Roman city Autessiodurum on the Via Agrippa linking Provence with northern Gaul. The first known bishop (mid-4th century) was Valerianus. The episcopal group including basilica Sancti Stephani in civitate is cited in a liturgical text from the period of bishop Aunaire (561-605); it has been claimed that the Mater Ecclesia was founded by Amatre (386-418). The church was rebuilt and decorated by Bishop Heribaldus (824-857) and extended to the west (including a tower with upstairs chapel) by his successors. A fire in 1023 destroyed this church and rebuilding was undertaken by Bishop Hugues de Chalon (999-1039) with a new choir mounted atop a vast crypt and flanked by towers. We are told that the new work was in ashlar and that it resisted a second fire. Part of diocese of Sens. Cloth manufacturing. Wine production. A commune in 1194. Southern part of Burgundy traditionally more prosperous -- but the north began to prosper after 1150.
Begun ca. 1200
The five-bay aisled nave terminates in a western narthex and a twin-towered frontispiece, the southern tower being flanked by an enormous mass of masonry. Double-bay transept arms are generated from the central crossing space and to the east the chevet is made up of four straight bays and a seven-segment hemicycle. Like Sens Cathedral, Auxerre has a rectangular axial chapel; as in the Soissons south transept and at S-Remi of Reims, two slender columns mark the threshold of that chapel.

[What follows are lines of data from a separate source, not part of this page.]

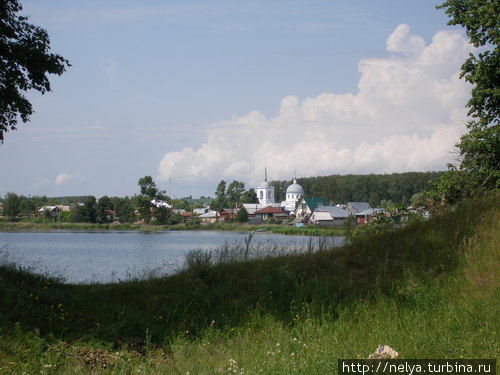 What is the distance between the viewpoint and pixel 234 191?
521ft

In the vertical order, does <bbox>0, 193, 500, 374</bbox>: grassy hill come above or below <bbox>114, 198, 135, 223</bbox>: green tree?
below

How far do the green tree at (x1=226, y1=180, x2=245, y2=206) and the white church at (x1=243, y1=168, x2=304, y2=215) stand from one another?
4214 millimetres

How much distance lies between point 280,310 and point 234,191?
490 ft

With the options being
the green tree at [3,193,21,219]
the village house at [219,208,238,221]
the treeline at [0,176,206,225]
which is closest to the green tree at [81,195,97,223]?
the treeline at [0,176,206,225]

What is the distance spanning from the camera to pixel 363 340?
737 centimetres

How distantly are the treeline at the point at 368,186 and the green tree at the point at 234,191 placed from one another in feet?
83.5

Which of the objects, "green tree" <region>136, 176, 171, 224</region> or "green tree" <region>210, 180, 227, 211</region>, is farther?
"green tree" <region>210, 180, 227, 211</region>

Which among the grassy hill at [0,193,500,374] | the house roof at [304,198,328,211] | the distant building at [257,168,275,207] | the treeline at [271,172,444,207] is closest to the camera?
the grassy hill at [0,193,500,374]

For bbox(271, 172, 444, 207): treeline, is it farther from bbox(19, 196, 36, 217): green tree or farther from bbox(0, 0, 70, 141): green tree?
bbox(0, 0, 70, 141): green tree

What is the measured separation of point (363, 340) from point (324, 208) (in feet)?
357

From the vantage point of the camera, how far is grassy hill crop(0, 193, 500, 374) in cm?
699

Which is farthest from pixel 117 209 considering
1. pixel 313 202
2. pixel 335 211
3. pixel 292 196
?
pixel 292 196

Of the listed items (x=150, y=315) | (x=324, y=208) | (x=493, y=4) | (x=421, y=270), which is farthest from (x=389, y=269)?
(x=324, y=208)

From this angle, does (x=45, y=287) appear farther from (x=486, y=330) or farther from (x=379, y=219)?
(x=379, y=219) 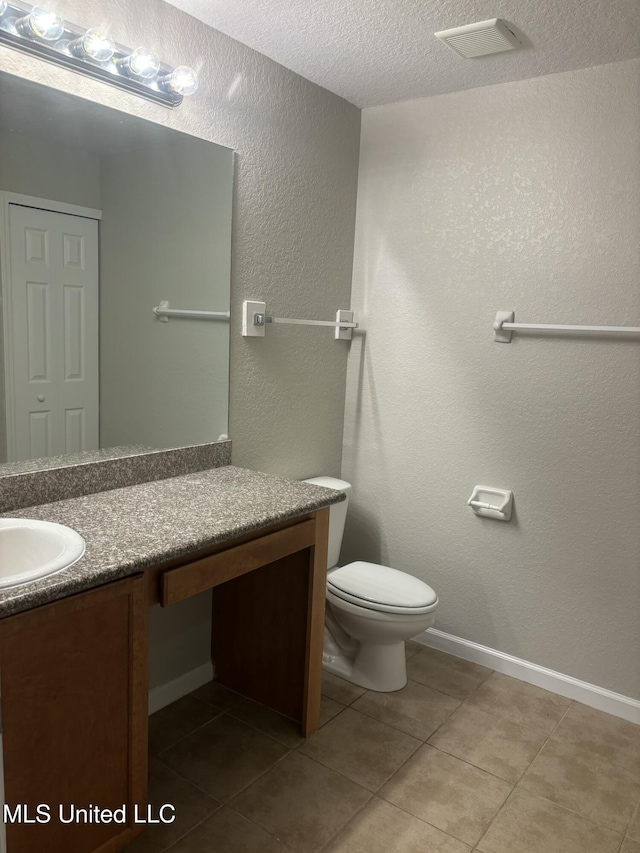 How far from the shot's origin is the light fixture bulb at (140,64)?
1.73m

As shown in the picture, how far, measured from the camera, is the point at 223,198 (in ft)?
7.07

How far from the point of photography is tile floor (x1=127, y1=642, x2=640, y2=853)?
1705mm

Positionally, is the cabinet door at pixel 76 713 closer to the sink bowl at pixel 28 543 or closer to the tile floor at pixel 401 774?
the sink bowl at pixel 28 543

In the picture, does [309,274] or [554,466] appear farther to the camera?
[309,274]

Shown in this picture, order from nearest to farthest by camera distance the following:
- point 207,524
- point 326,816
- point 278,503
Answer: point 207,524
point 326,816
point 278,503

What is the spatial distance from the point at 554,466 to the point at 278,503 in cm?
111

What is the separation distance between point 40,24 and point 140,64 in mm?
286

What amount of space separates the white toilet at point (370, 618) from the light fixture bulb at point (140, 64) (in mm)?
1428

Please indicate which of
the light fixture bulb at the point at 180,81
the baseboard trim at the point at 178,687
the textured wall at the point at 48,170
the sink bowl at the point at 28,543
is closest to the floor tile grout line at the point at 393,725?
the baseboard trim at the point at 178,687

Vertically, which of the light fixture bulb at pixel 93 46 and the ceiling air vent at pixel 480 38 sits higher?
the ceiling air vent at pixel 480 38

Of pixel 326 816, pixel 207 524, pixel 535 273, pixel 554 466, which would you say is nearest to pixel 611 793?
pixel 326 816

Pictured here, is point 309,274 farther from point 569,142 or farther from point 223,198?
point 569,142

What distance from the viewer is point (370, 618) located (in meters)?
2.25

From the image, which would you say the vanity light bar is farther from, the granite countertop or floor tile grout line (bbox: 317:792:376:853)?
floor tile grout line (bbox: 317:792:376:853) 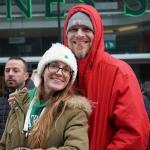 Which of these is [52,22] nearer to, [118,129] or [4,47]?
[4,47]

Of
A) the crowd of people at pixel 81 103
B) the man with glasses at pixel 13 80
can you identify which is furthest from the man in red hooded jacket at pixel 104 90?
the man with glasses at pixel 13 80

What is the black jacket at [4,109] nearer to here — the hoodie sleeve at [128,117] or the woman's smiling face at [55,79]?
the woman's smiling face at [55,79]

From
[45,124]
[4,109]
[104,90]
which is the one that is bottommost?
[4,109]

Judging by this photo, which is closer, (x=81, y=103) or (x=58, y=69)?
(x=81, y=103)

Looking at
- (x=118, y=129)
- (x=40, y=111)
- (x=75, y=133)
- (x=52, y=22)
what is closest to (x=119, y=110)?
(x=118, y=129)

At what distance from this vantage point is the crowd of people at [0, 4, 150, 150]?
1783mm

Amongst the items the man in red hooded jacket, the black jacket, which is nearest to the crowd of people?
the man in red hooded jacket

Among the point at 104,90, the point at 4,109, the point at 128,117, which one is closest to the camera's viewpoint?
the point at 128,117

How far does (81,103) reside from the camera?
1817 mm

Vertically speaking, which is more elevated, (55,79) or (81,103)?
(55,79)

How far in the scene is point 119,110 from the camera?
6.20 feet

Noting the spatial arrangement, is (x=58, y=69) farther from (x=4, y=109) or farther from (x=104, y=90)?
(x=4, y=109)

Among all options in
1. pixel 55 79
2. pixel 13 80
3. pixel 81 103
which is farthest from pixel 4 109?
pixel 81 103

The crypt formed part of the 11th-century church built by Bishop Hugues de Châlon. The bishop's palace was rebuilt (with Romanesque promenoir) by Bishop Hugues de Montaigu (1115-36) Construction was initiated by Guillaume de Seignelay (1207-1220) who gave 700 pounds for the first year of construction. Eodem tempore, circa novas ecclesiarum structuras, passim fervebat de novo ? populorum. Videns itaque episcopus ecclesiam suam Autissiodorensem structure antique minusque composite squalore ac senio laborare, aliis circumquaque capita sua extollentibus mira specie venustatis, eam disposuit nova structura et studioso peritorum in arce cementaria artificio decorare, ne ceteris specie studiove penitus impar esset; eamque fecit a posteriori parte funditus demoliri, ut, deposito antiquitatis veterno, in elegantiorem juvenesceret speciem novitatis. At that time the piety of the people everywhere burned for the construction of new churches; when the bishop saw that old architecture of his old cathedral was mean and old, while elsewhere other most beautiful cathedrals were being built, he decided to have a new church built and decorated most sumptuously?. Guillaume had close family ties to the Ile-de-France. Work began circa 1215; the collapse of flanking towers in 1217 led to a complete rebuilding. The original vision was of a lower structure, perhaps without flyers. The extention upwards led to the introduction of light-weight tracery flyers. The chevet is thought to have been completed 1234 when Bishop Henri de Villeneuve was buried there -- he left 1000 pounds for the work of construction. However, Titus has proposed a somewhat later completion date. The chevet was modified in the 14th century (first two piers east of the crossing rebuilt) and the buttressing modified) and heavily restored in the 19th. The lowest level of the western frontispiece was begun in the mid-13th century (south and center portal) and the south transept in the early-to-mid 14th century, but the nave and north transept remained incomplete . The nave was completed in the late 14th century with the vaults installed in the early 15th. Completion work on the north transept arm was delayed until the late 15th century finished under Bishop Jean Baillet, 1477-1513); work also resumed on the upper western frontispiece and the upper north tower was finished between 1515 and 1543.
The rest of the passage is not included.